In December, Behrman assistant principal Brian Young called the charter group’s refusal to let Behrman return “almost a hostage situation.”
If the schools keep up their high performance—they need a School Performance Score of at least 54 on a 150-point scale to switch—they’ll be eligible to try again. But again, it will be up to the board, not the school’s community.
Neither the Behrman nor Walker communities got what they wanted, but Beabout said that doesn’t mean educators didn’t listen.
Behrman and Walker’s return to OPSB is symbolic, he said, of a system-wide return to home rule. “People want that, and people’s emotions become involved in that,” he said. But officials have to consider the schools’ financial well-being.

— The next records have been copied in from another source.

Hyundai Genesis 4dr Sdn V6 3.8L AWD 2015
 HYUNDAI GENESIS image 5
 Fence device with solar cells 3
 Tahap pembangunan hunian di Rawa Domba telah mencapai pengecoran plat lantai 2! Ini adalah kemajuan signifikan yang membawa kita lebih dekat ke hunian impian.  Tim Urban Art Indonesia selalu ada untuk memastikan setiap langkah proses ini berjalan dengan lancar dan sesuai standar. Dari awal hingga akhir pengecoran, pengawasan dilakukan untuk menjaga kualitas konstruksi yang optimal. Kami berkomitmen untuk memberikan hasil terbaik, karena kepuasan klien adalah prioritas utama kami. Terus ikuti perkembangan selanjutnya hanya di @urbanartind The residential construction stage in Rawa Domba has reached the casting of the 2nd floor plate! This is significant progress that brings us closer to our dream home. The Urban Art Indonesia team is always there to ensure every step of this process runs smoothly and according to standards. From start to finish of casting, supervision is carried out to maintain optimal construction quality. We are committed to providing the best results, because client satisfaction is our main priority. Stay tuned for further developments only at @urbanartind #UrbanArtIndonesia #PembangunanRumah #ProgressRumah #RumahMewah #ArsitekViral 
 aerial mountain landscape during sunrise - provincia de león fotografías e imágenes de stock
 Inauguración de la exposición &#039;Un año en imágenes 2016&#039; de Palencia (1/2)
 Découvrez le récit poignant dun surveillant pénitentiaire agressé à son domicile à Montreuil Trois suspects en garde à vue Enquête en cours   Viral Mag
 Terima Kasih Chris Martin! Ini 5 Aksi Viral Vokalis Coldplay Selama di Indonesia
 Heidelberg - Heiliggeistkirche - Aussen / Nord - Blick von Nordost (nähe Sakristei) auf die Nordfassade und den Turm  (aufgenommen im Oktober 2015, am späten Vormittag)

Lycée Français: the outlier
Another well-publicized conflict between a school community and a charter board is turning out differently. Parents at Lycée Français de la Nouvelle-Orleans—a single charter run by an independent board—complained to BESE about leadership issues and the school’s lack of diversity, among other problems.
State Superintendent John White’s office began looking into the complaints and working with the school to resolve them. At his behest, the Louisiana Association of Public Charter Schools hired a private consultant, EMH Strategy, to help find a CEO and address questions about board oversight.
Robert Rachal, the attorney representing a group of 40 parents, said he’s pleased with the consultant’s recommendation, which incorporated their concerns. He credited “a lot of hard work, and persistent parents that just weren’t going to go away.”
In this case, parents’ complaints have been largely confirmed by the consultant and state education officials. White has said that leadership changes would bring the school back on course.
Shirley told The Lens in January that the school is solid academically and is improving financially. But “what I’ve seen is a board that is taking on some roles and responsibilities that traditionally are not part of what a board should be doing,” she said.
In addition to its independent board, Lycée falls directly under the state education board’s governance—unlike other charters authorized by their local school board or RSD, as White noted last week when he met with teachers. “My sense is we have stumbled,” he said.
And given BESE’s investment in charters, it’s no surprise it would intervene to help a new, struggling charter of its own, Beabout said.
Harper Royal, however, believes Lycée’s parents got the help they wanted for a different reason. “Those are people who are already connected,” she said, referring to the school’s white, middle-class parent majority.
“The state’s going out of its way to make sure that school survives. And that school has all kinds of issues.”
In general, she said local education leaders still have a long way to go in terms of community engagement: “I wish it was different,” she said. “I know quite a few people in the city who have some really good ideas about what kids need.”
Officials might like those ideas, she said, if they’d only listen.